Doubts have been entertained whether the limestone of Burdie House belongs to the Upper Old Red Sandstone or to the inferior Coal Measures. And the fact may yet come to be quoted as a very direct proof of the ignorance which obtained regarding the fossils of the older formation, at a time when the organisms of most of the other formations, both above and below it, had been carefully explored. The Limestone of Burdie House is unequivocally and most characteristically a Coal Measure limestone. It abounds in vegetable remains of terrestrial or lacustrine growth, and these, too, the vegetables common to the Coal Measures--ferns, reeds, and club-mosses.

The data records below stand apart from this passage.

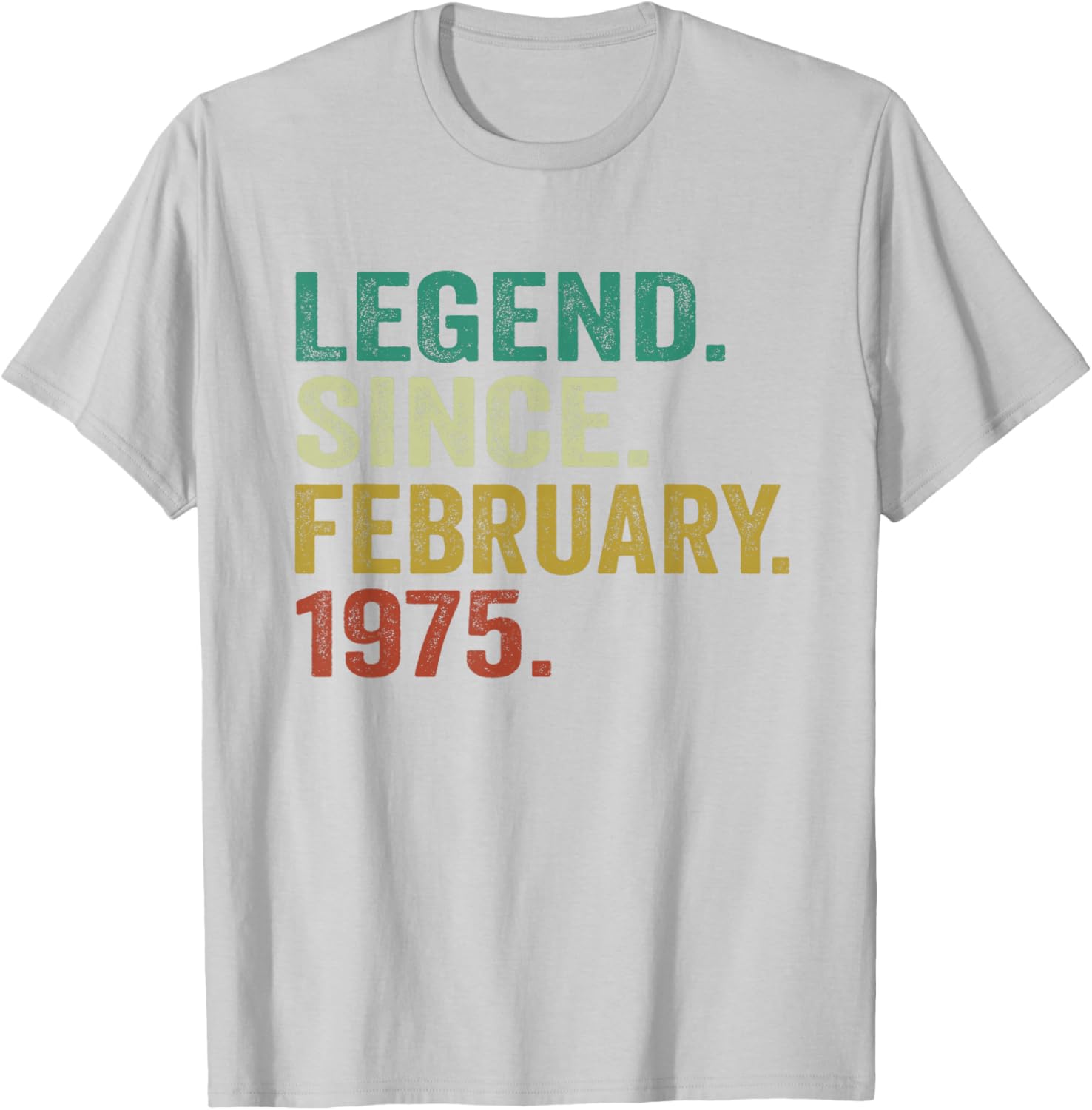 50th Birthday Legend T-Shirt for Memorable 50 Years Old Gifts - 11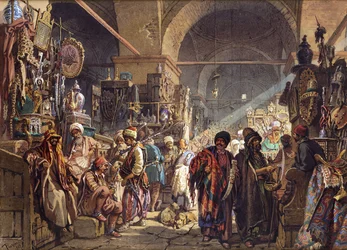 Turecki Bazar, 1867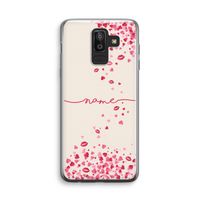 Hartjes en kusjes: Samsung Galaxy J8 (2018) Transparant Hoesje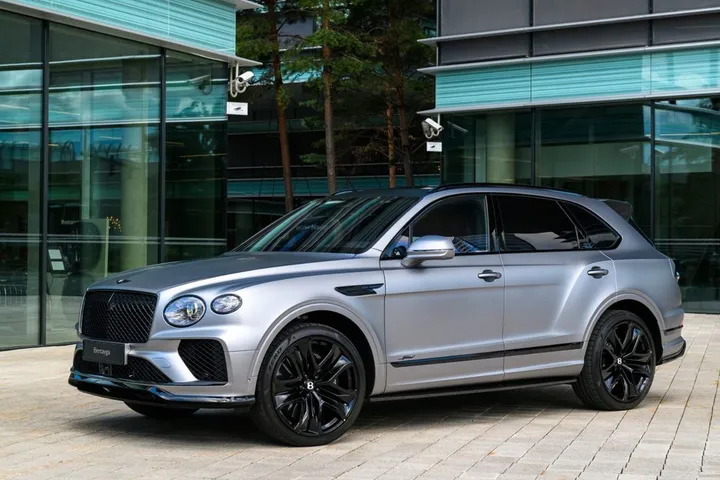 Bentley Bentayga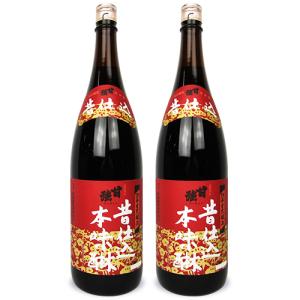 送料無料 甘強みりん 昔仕込本味醂 500ml×6本 1ケース 甘強酒造 かん
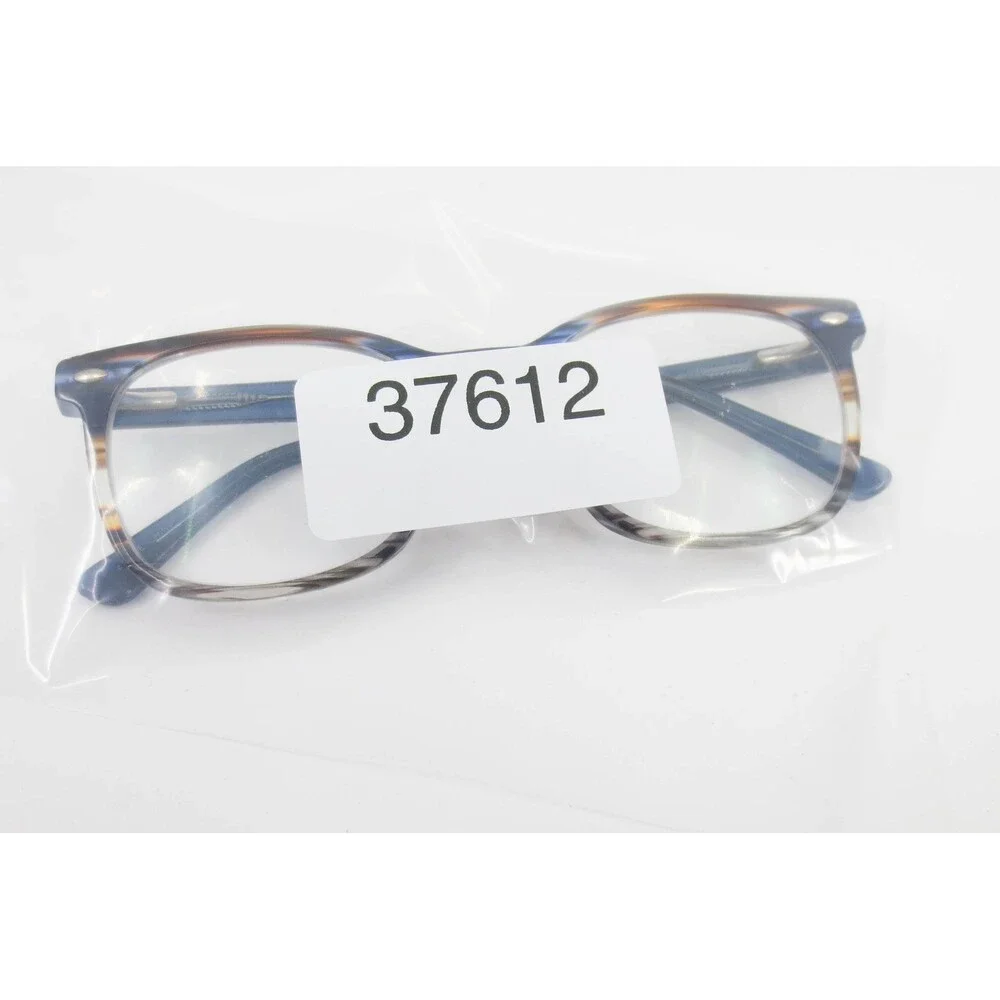 Kate Spade KB 20233 Multi Tortoise Blue Rectangular Eyeglasses Frames 48-17-130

One can scarce detach a fragment from the mass, that has not its leaflet or seed-cone enclosed, and in a state of such perfect preservation, that there can be no possibility of mistaking its character. If in reality a marine deposit, it must have been formed in the immediate neighborhood of a land covered with vegetation. The dove set loose by Noah bore not back with it a less equivocal sign that the waters had abated. Now, in the Upper Old Red Sandstone none of these plants occur. The deposit is exclusively an ocean deposit, and the remains in Scotland, until we arrive at its inferior and middle formations, are exclusively animal remains. Its upper member, "the yellow sandstone," says Dr. Anderson, of Newburgh, "does not exhibit a single particle of carbonaceous matter--no trace or film of a branch having been detected in it, though, if such in reality existed, there are not wanting opportunities of obtaining specimens in some one of the twenty or thirty quarries which have been opened in the county of Fife in this deposit alone." No two bordering formations in the geological scale have their boundaries better defined by the character of their fossils than the Old Red Sandstone and the Coal Measures.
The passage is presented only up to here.